The ACT Government has been buoyed by the amount of interest shown by potential suppliers for its planned Canberra Big Battery, which will support the ongoing rollout of large scale renewables and rooftop solar.
The Canberra Big Battery will be one of Australia’s first ‘big battery’ projects that will consist of a distributed network of smaller battery systems installed throughout the city. The ACT government is aiming to establish a coordinated network of 250MW of battery storage.
“As a combined network, this battery system can address network constraints, enable more Canberrans to reap the benefits of solar and present the opportunity for Government to reduce costs and potentially generate revenue,” ACT chief minister and minister for Climate Action, Andrew Barr, said in a statement.
The ACT government revealed on Wednesday that it had received 42 submissions from suppliers interested in helping to establish the Canberra Big Battery in response to a market sounding process that the government had launched in April.
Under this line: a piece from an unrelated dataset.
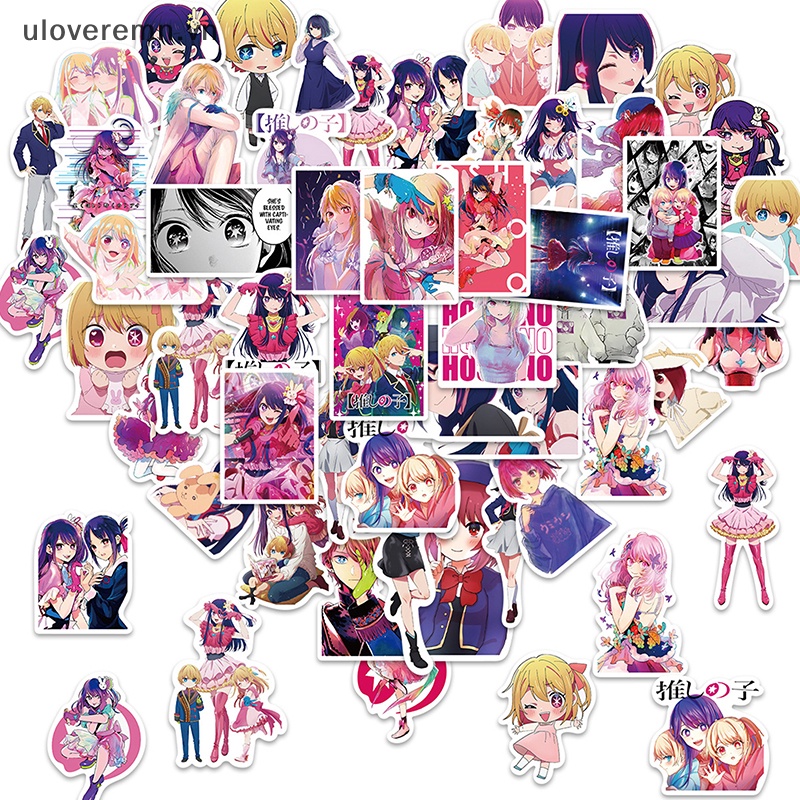 Bộ 50 Miếng Dán Hoạt Hình Oshi no Ko Trang Trí Laptop / Xe Hơi / Ván Trượt / Xe Đạp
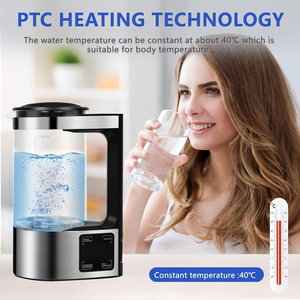 Générateur d'eau hydrogénée électrique de bureau 2000 ml, machine portable en verre grande capacité pour eau riche en hydrogène - Product Image 4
The battery project, which received $100 million in funding support in the most recent territory budget, is likely to require suppliers of both residential and commercial battery systems, as well as an operator of a virtual power plant platform to coordinate the operation of distributed batteries.
It is expected that the distributed battery system would be used to provide a number of key energy market services, including ancillary services, wholesale electricity price arbitrage, or reserve supply contracts. The ACT is open to suggestions from industry participants about the possible revenue models for the project.
The project is also expected to help facilitate the increased installation of rooftop solar and commercial solar across the ACT, overcoming network constraints and allowing more households to enjoy the financial benefits of solar power.
Barr said that the big battery project would help ensure the ACT remained a key player in the emerging market for clean energy technologies, particularly battery storage.
The government has also indicated that it is open to a wide range of different energy storage technologies and is considering proposals for projects using hydrogen as the main storage medium, in addition to traditional battery technologies.
“The global battery storage market is predicted to be worth $400 billion by 2030, and the high interest in the ACT’s proposed battery system will ensure that the nation’s capital remains at the forefront of a booming industry – supporting new jobs in emerging industries,” Barr said.
The commitment to build the ‘big Canberra battery’ was included as part of a power-sharing agreement struck between the ACT Labor and Greens parties following the ACT election held last year.
The ACT government will release a formal expression of interest for industry partners to participate in a process to develop and identify the key design requirements of a big battery system in the ACT before a formal tender process is commenced.
The distributed ‘big battery’ project is expected to operate in addition to more than 100MW of big battery projects being built within the ACT by project developers Neoen and GPG.
Both Neoen and GPG recently secured contracts to supply the ACT with additional output from two new wind farm projects being developed by the companies. A condition of the offtake agreement signed between the ACT government and the wind farm projects is the construction of a big battery storage project within the ACT borders.